Researchers have developed a more streamlined approach to help AI systems process information. The new system, called RetroLLM, combines two previously separate steps - searching for information and writing text - into a single process.
A team from Renmin University of China, Tsinghua University, and Huawei's Poisson Lab developed RetroLLM to make AI systems more efficient. Traditional RAG systems (retrieval-augmented generation) had to work in two separate phases: first finding relevant information, then creating text from it. RetroLLM handles both tasks simultaneously, using less computing power while delivering more accurate results.
How RetroLLM works
The system operates in three main steps. First, it creates "clues" - key words or phrases based on the original question. For example, if someone asks about the first physics Nobel Prize winner, the system identifies terms like "Nobel Prize" and "physics."
Next, RetroLLM processes information using several advanced techniques. It evaluates multiple potential text paths at once (constrained beam search), like exploring different branches of a decision tree while focusing on the most promising ones. The system can also predict which sections will be useful before fully processing them (Forward-Looking Constrained Decoding), helping it avoid time spent on irrelevant content.
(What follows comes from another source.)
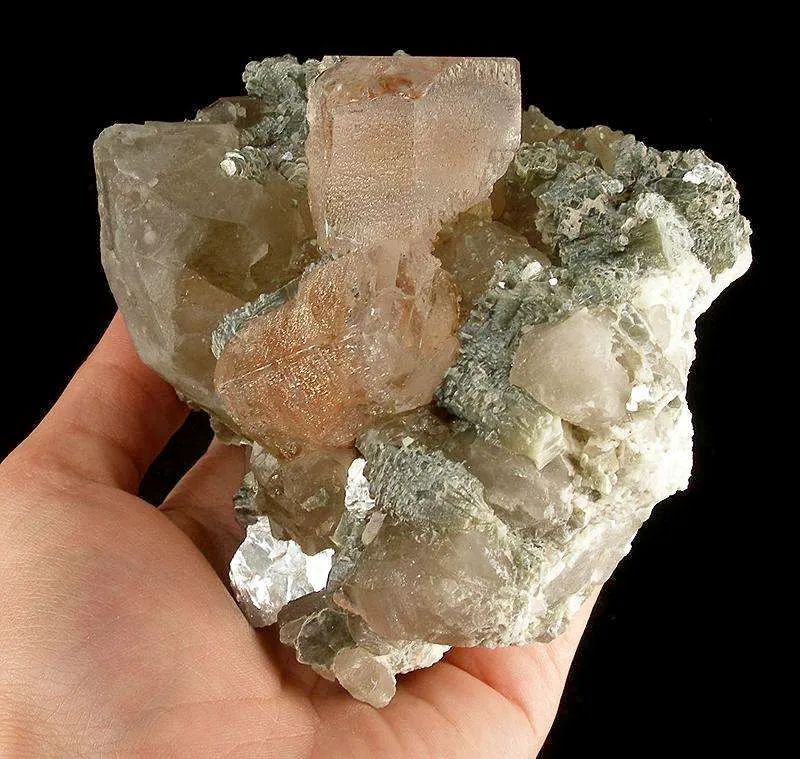 Morganite on Quartz With Lepidolite - image 6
To handle large amounts of text efficiently, RetroLLM uses a sophisticated indexing system (hierarchical FM index constraints) that works like a detailed roadmap, helping it quickly locate exactly the information it needs at different levels of detail.
Better results, one trade-off
In testing, RetroLLM showed impressive results, achieving 10-15 percent higher accuracy than existing systems. It particularly excels at handling complex questions that require combining information from multiple sources.
The system adapts its approach based on each question. For simple queries, it might only need a few key facts. For more complex questions, it automatically searches deeper and pulls from additional sources.
While RetroLLM uses less computing power overall, researchers found one limitation: it's slightly slower than simpler systems when processing individual queries. The team believes using a combination of smaller and larger models could help solve this issue in the future.